Let’s try modelling this mechanic with AnyDice.

To start off, let me note that the CoC 7e bonus / penalty dice mechanic is a bit awkward to model directly in AnyDice, because the choice of “best” / “worst” tens die depends on the value of the ones die: if you roll a 0 on the ones die, the best possible roll on the tens die is 10, whereas otherwise it’s 00.

However, it turns out that there is a mathematically equivalent variant mechanic that is much easier to work with in AnyDice: instead of numbering the ones die from 0 to 9 and treating 0 + 00 = 100 as a special case, just number the ones die from 1 to 10 and add it directly to the lowest / highest tens die.

^{(Formal proof of equivalence left as an exercise. As a quick proof sketch, note that there are two cases depending on what you roll on the ones die: if you roll anything but 0/10, the result will be the same using either mechanic anyway; if you do roll a 0/10 on the ones die, you can relabel the sides of the tens dice before rolling them — basically mapping 00 to 90 and subtracting 10 from all other sides — so that the result using the variant mechanic with the relabeled dice will be the same as using the official mechanic with the unrelabeled dice. Since all sides of the dice are supposed to be equally likely and interchangeable, this relabeling will not change the probabilities of the outcomes.)}

Using this simplified but equivalent version of the dice rolling mechanic, we can model a CoC 7e roll with *N* penalty dice in AnyDice simply with:

```
TENS: 10 * d{0..9}
output d10 + (highest 1 of (N+1)dTENS)
```

(Conversely, replacing `highest`

with `lowest`

gives a roll with *N* bonus dice instead.)

To find out the probability of succeeding on such a roll with a given skill or stat, just plot the results of the code above (for the appropriate value of *N*) in AnyDice using “At Most” mode and look up the probability corresponding to your skill/stat in the plot.

What about hard and extreme rolls, then? You *could* simply use the same code as for normal rolls, and just look up the probability corresponding to your skill or stat divided by 2 or 5 instead. (You did write those down on your character sheet, right?) But it would be nice to have a direct graphical comparison.

One way to do that is to multiply the result of the roll by 2 or 5 instead of dividing the target value. (Again, showing that this is mathematically equivalent is left as an exercise.) For plotting convenience, it’s also a good idea to clamp the result to at most 100 so that AnyDice’s graph mode won’t needlessly widen the range of the graph.

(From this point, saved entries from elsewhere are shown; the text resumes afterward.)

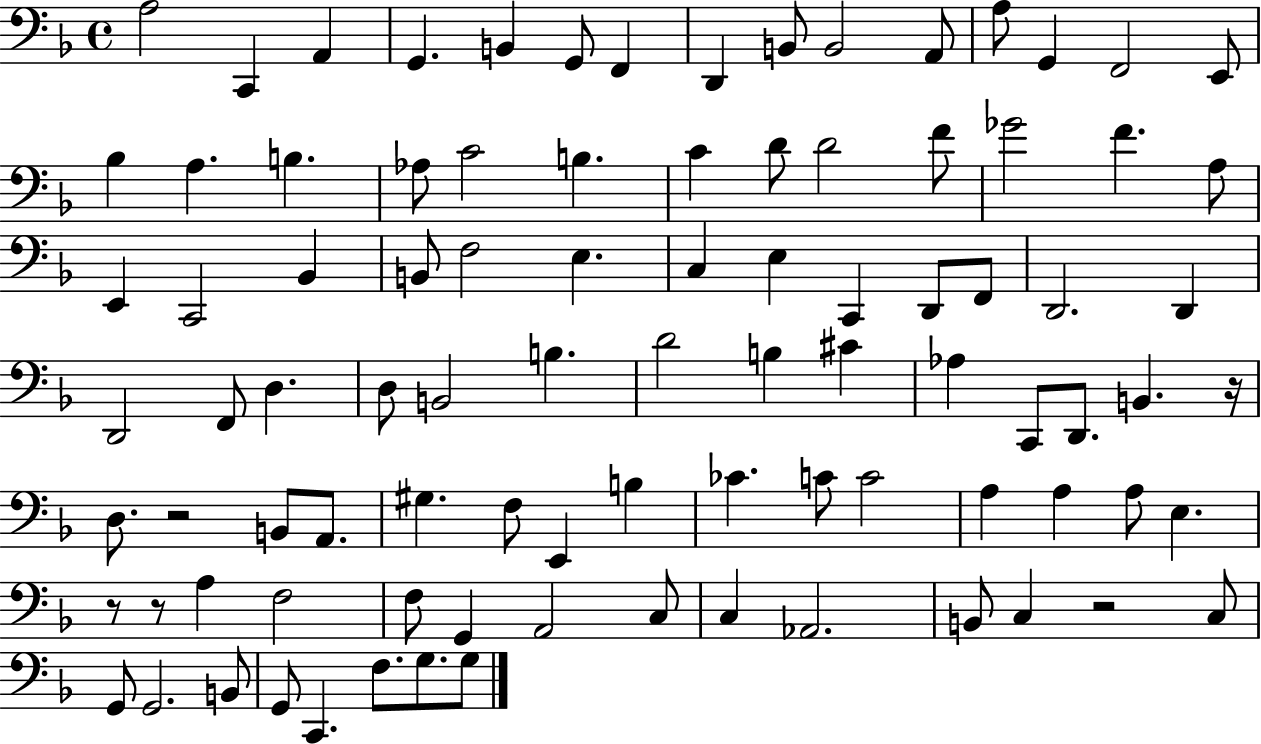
{
  \clef bass
  \time 4/4
  \defaultTimeSignature
  \key f \major
  \repeat volta 2 { a2 c,4 a,4 | g,4. b,4 g,8 f,4 | d,4 b,8 b,2 a,8 | a8 g,4 f,2 e,8 | \break bes4 a4. b4. | aes8 c'2 b4. | c'4 d'8 d'2 f'8 | ges'2 f'4. a8 | \break e,4 c,2 bes,4 | b,8 f2 e4. | c4 e4 c,4 d,8 f,8 | d,2. d,4 | \break d,2 f,8 d4. | d8 b,2 b4. | d'2 b4 cis'4 | aes4 c,8 d,8. b,4. r16 | \break d8. r2 b,8 a,8. | gis4. f8 e,4 b4 | ces'4. c'8 c'2 | a4 a4 a8 e4. | \break r8 r8 a4 f2 | f8 g,4 a,2 c8 | c4 aes,2. | b,8 c4 r2 c8 | \break g,8 g,2. b,8 | g,8 c,4. f8. g8. g8 | } \bar "|."
}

^{(Also, since the range of possible rolls starts from 1, AnyDice’s graph plotter gets a bit silly and decides to place tick marks at 1, 11, 21, 31, etc. instead of at 0, 10, 20, 30, etc. One way to fix that is to add a dummy output 0 statement at the end of the code.)}

Putting all that together, here’s the final version of the code (for some more or less arbitrary value of “final”, anyway):

```
TENS: 10 * d{0..9}
output d10 + dTENS named "normal roll"
loop N over {1..5} {
output d10 + (highest 1 of (N+1)dTENS) named "normal, (N) penalty"
output d10 + (lowest 1 of (N+1)dTENS) named "normal, (N) bonus"
}
output (lowest of 100 and 2 * (d10 + dTENS)) named "hard roll"
output (lowest of 100 and 5 * (d10 + dTENS)) named "extreme roll"
output 0 named "" dummy output to fix graph tick positions
```

This code calculates the probability distributions of results for normal rolls with 0 to 5 penalty dice and for hard and extreme rolls with no penalties. (There’s also a line for rolls with 1 to 5 bonus dice as well, but I’ve commented it out with backslashes to reduce clutter. You can uncomment it if you want.)

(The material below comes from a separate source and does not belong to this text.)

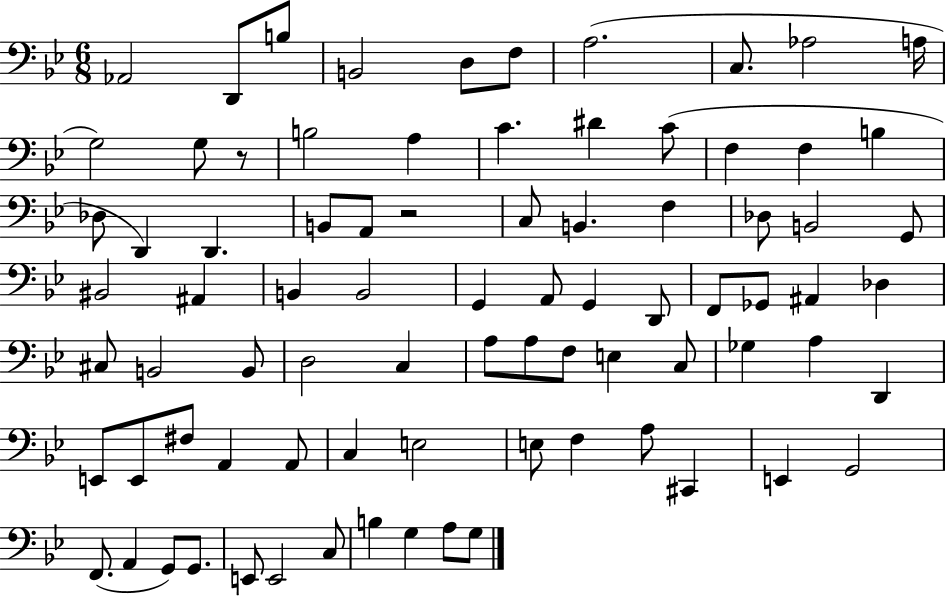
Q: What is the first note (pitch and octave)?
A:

The output of this program is probably best viewed in Graph + At Most mode (which the link above should take you directly to), and should look something like this:

Looking at where the graphs intersect, you can see that penalty dice are really punishing for low skill / stat values. If your skill / stat is below 50, a normal roll with one penalty die is harder than a hard roll, and if it’s below 20 it’s even harder than an extreme roll. With two penalty dice the crossover points are at about 70 and 44 respectively, and with three penalty dice they’re around 79 and 59 or so.

(If you wanted to know the exact thresholds, you could switch from Graph mode to Export mode and compare the exact numerical probability values. But for most practical purposes just eyeballing it should be good enough, as small differences in probability of a fraction of a percent won’t really be noticeable in play anyway.)